Exactly retype the lines below from the one containing "Cappotto donna lusso invernale" through the end of the listing. Leave pictures out.

● Exercise data
•••

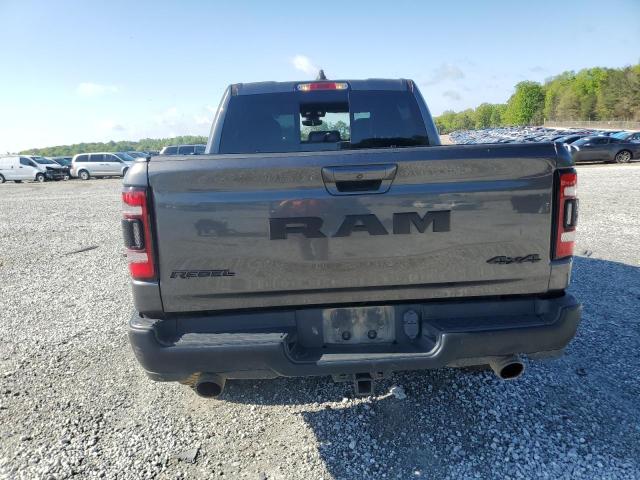  RAM 1500 2019 Серый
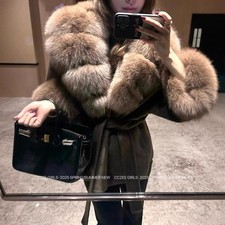 Cappotto donna lusso invernale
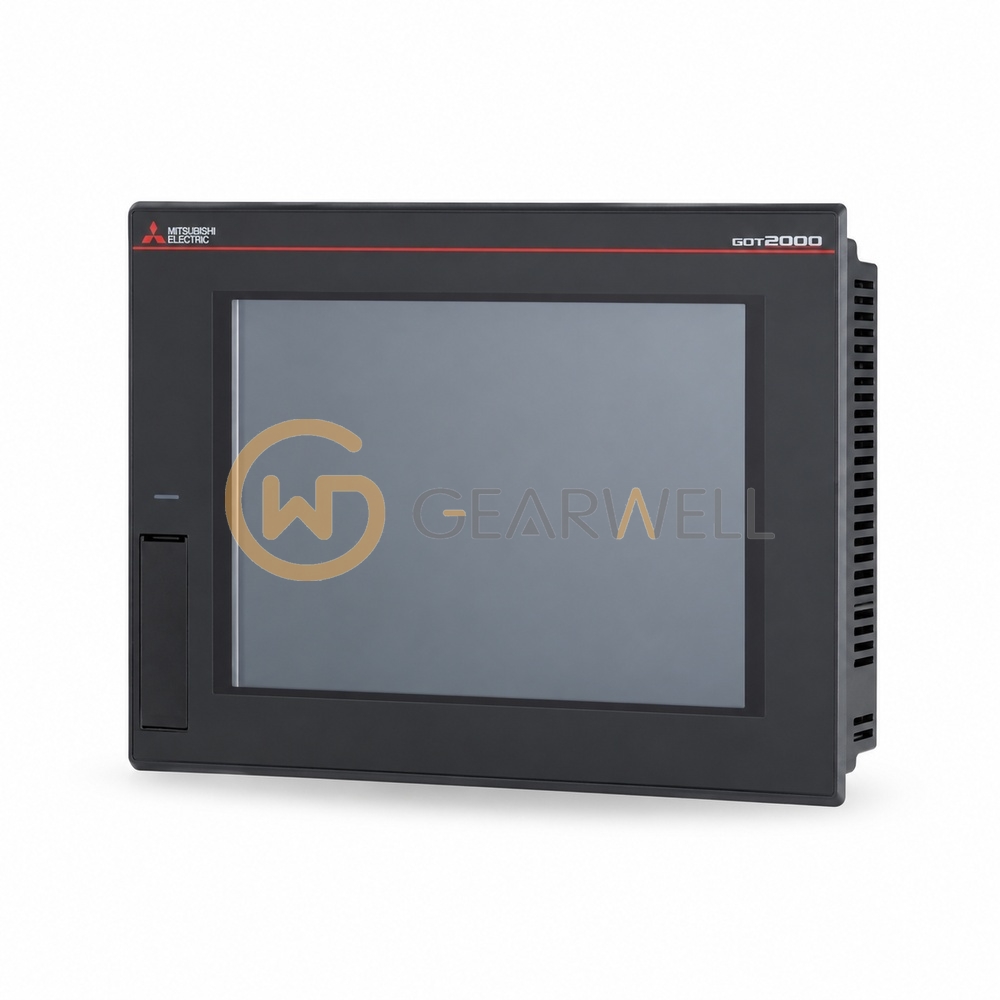 Mitsubishi Electric GT2708-VTBD GOT2000 HMI Touch Panel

•••

● Result for this task
 Cappotto donna lusso invernale
 Mitsubishi Electric GT2708-VTBD GOT2000 HMI Touch Panel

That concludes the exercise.